Thor precipitou-se pela reta final irrompendo na praça da aldeia, levantando poeira enquanto prosseguia. Galinhas e cachorros fugiam de seu caminho. Uma mulher idosa, que estava do lado de fora de sua casa diante de um caldeirão de água borbulhante, murmurou algo para ele.
“Mais devagar, menino!” Ela gritou quando ele passou correndo, lançando poeira em seu fogo.
Porém, Thor não reduziria a marcha — nem por ela, nem por ninguém. Ele passou por uma rua, depois por outra, dobrando e virando em direção ao caminho que ele sabia de cor, até que ele chegou em casa.
Era uma moradia pequena, modesta, como todas as outras, com suas paredes de argila branca e telhado de palha em ângulo. Como todas as demais, seu espaço único estava dividido, seu pai dormia em um lado e seus três irmãos do outro; a diferença das demais casas, a dele tinha um pequeno galinheiro nos fundos, e ali Thor foi exilado para dormir. A princípio ele dormia em um beliche com seus irmãos; mas com o tempo, eles tinham se tornado maiores; mais cruéis e mais seletivos e armaram toda uma cena para privá-lo de seu espaço. Thor tinha sido ferido, mas agora ele apreciava seu próprio espaço, preferindo ficar longe da presença deles. O incidente apenas confirmou o que ele já sabia: que ele havia sido desterrado por sua família.
Thor correu para a porta da frente e irrompeu por ela sem parar.
“Pai!” Ele gritou, tentando recuperar o fôlego. “O Exército Prata! Eles estão chegando!”
Seu pai e três irmãos estavam sentados curvados sobre a mesa do café, já vestidos com suas melhores vestes. Ao ouvir suas palavras pularam e correram atrás dele, esbarrando entre si enquanto corriam para fora da casa em direção à estrada.
Thor seguiu-os para fora e todos ficaram ali olhando o horizonte.
“Não vejo ninguém.” Drake, o mais velho, respondeu com sua voz grave.

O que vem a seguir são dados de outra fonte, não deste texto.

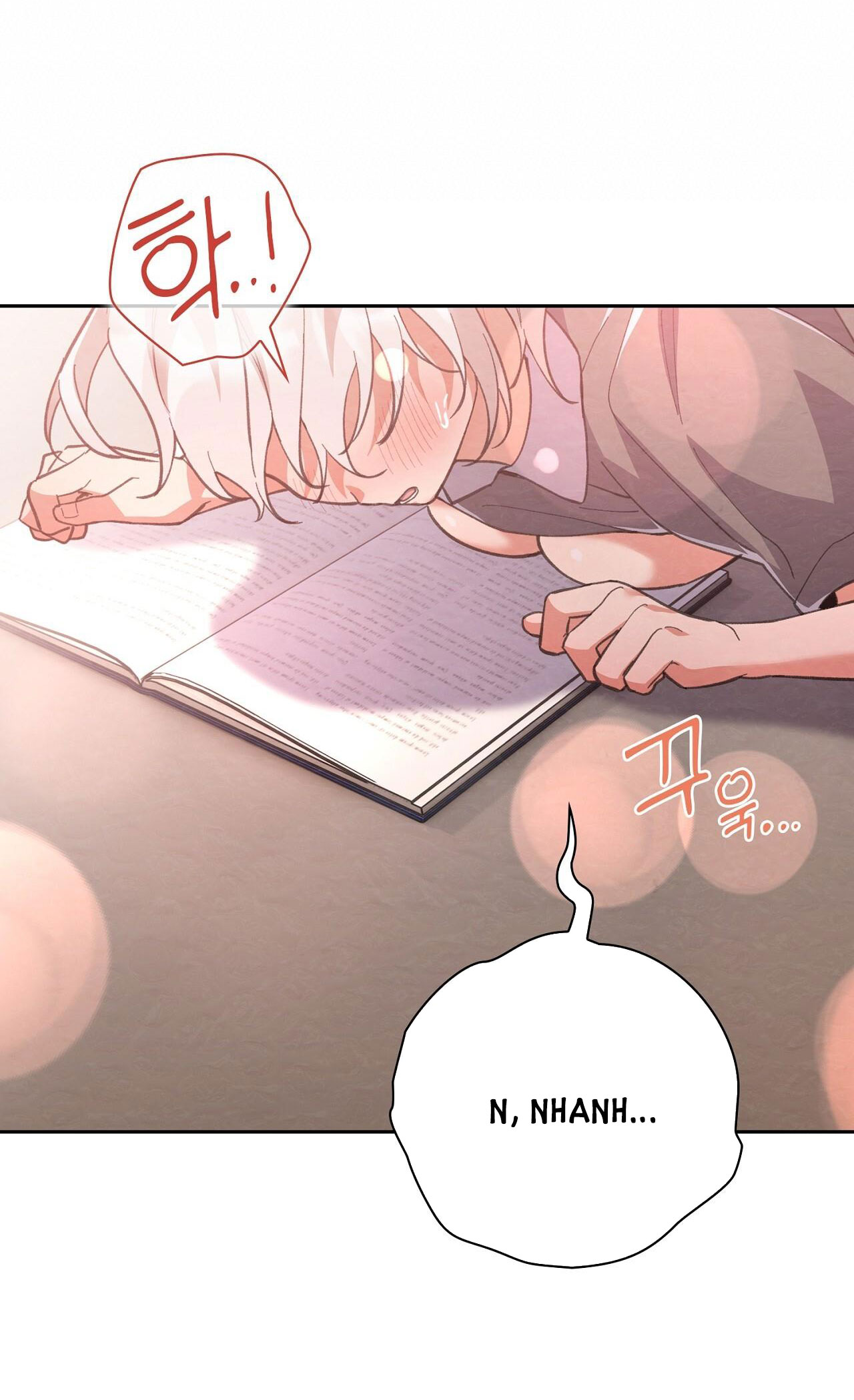 Trốn Thoát Khỏi Gã Thợ Săn chapter 23.2 - Trang 4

Com os ombros mais fortes, o cabelo cortado curto como seus irmãos, olhos castanhos e lábios finos cheios de desaprovação, ele fez uma careta para Thor, como de costume.

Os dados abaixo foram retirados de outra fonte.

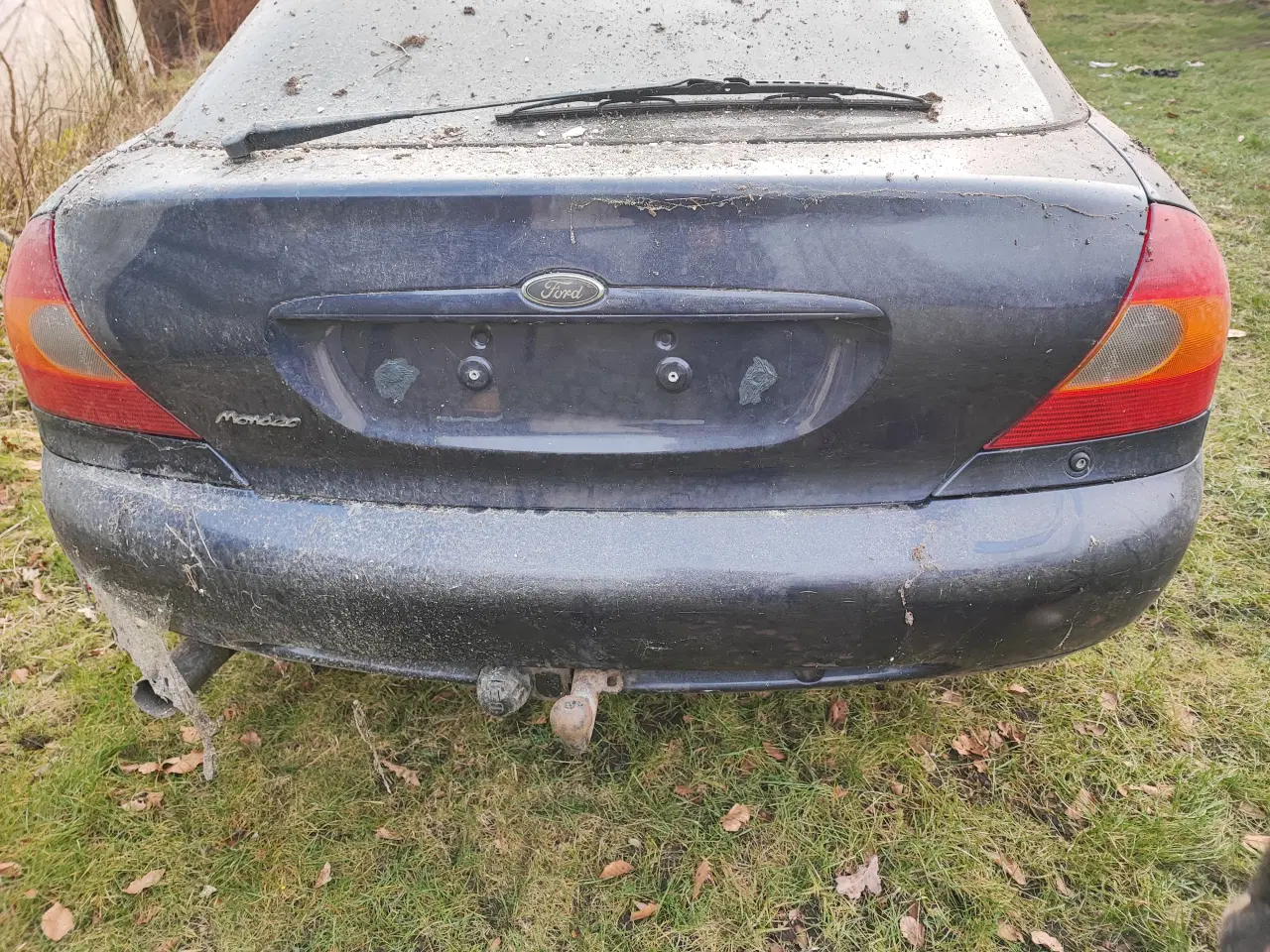 Billede 4 - FORD MONDEO MK2 ÅRG.2000 1.8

“Nem eu.” Ecoou Dross, apenas um ano mais novo que Drake, mas sempre tomando seu partido.
“Eles estão vindo!” Thor gritou de volta. “Eu juro!”
Seu pai virou-se para ele e agarrou-lhe os ombros severamente.
“E como é que você sabe?” Ele exigiu...
“Eu os vi.”
“Como? Desde onde?”
Thor hesitou; seu pai o havia apanhado. Ele sabia, é claro, que o único lugar desde onde Thor poderia ter avistado o Exército Prata era o topo da colina. Agora, Thor estava inseguro sobre o que responder.
“Eu subi a colina.”
“Com o rebanho? Você sabe que ele não deve ir tão longe.”
“Mas hoje era diferente. Eu tinha de ver.”
O pai disse rispidamente.
“Vá para dentro de uma vez e traga as espadas de seus irmãos e lustre suas bainhas, para que elas se vejam o melhor possível, antes que cheguem os homens do rei.”